Transcreation – where translation
and copywriting meet.
Creative teams and target audiences usually speak the same language, but when marketing campaigns travel abroad then everything changes. When required, I collaborate with an associate copywriter (clue: he had a hand in this website). Together we can translate creatively and strategically: staying true to the brief, delivering the right tone of voice and managing humour and wordplay. Such factors needn’t be compromised in translation; they may even be enhanced by it.
The finished article.
If you would like the text laid out to your specifications in print-ready formats, that’s possible too. I work with an associate graphic designer, with 30 years’ experience in advertising and editorial design for print and digital media, who can create effective, eye-catching settings for my translations. (Clue number two: you’re looking at his work).
Every translation is checked by a second pair of eyes. If the subject matter is particularly specialised, it is checked over by a third pair of eyes.
Proofreading. Editing. As a member of the Chartered Institute of Linguists I am authorised to translate certificates.
ASK FOR A QUOTE
I calculate my fees on a sliding scale, depending on the scope of service you require.

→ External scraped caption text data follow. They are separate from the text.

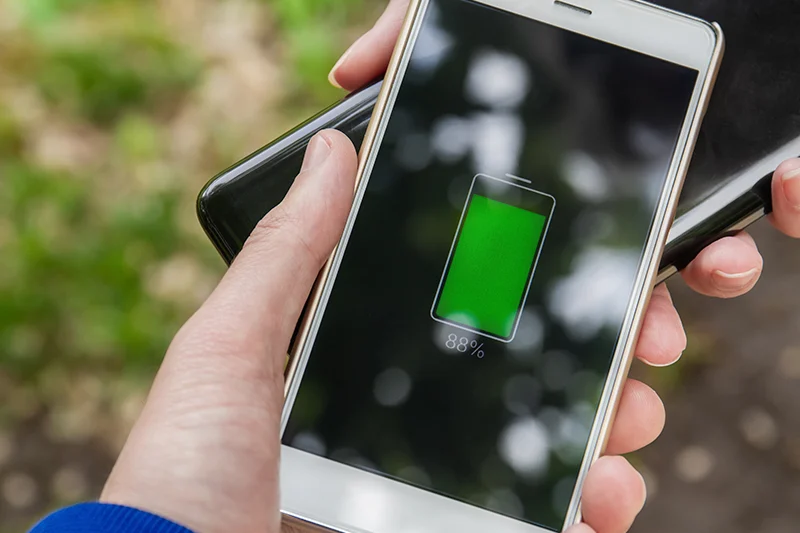 CAMBIA TU ANDROID AL MODO OSCURO Y REDUCE EL BRILLO DE LA PANTALLA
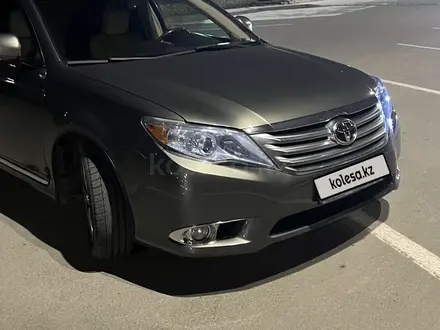 Toyota Avalon 2011 года за 8 500 000 тг. в Атырау – фото 10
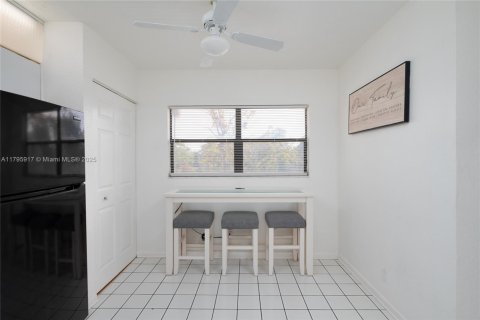 Condo in Coconut Creek, Florida, 2 bedrooms  № 1727060 - photo 13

Translators usually charge per word or per line. For example, a straightforward translation of a 500-word text, at a price per word of £0.20, will cost £100.
If the answer to one or more of the following questions is ‘yes’, the quote is likely to be higher:
Is it a complex text?
If so, the subject matter is likely to require more research. Lists contain fewer words than prose but, deprived of any context, they can take longer to translate accurately.
Does the English version need to pack a punch?
A four-word tag line will require more creative thought than five hundred words of a user manual, for instance. We might agree the text needs to be modified slightly to make it effective for an English-speaking market.
Is the job urgent?
I can often accommodate a tight turnaround but if I need to reschedule existing work the quote will reflect this.
Is graphic design or page-setting involved?
If you would like your documents to be returned ready to print the quote will rise (though it will almost certainly be more affordable than outsourcing the graphic design to a third company).
Editing and proofreading services are charged by the hour.
For certified document translation the minimum charge is £35 a document, the final price is dependent on document length and complexity.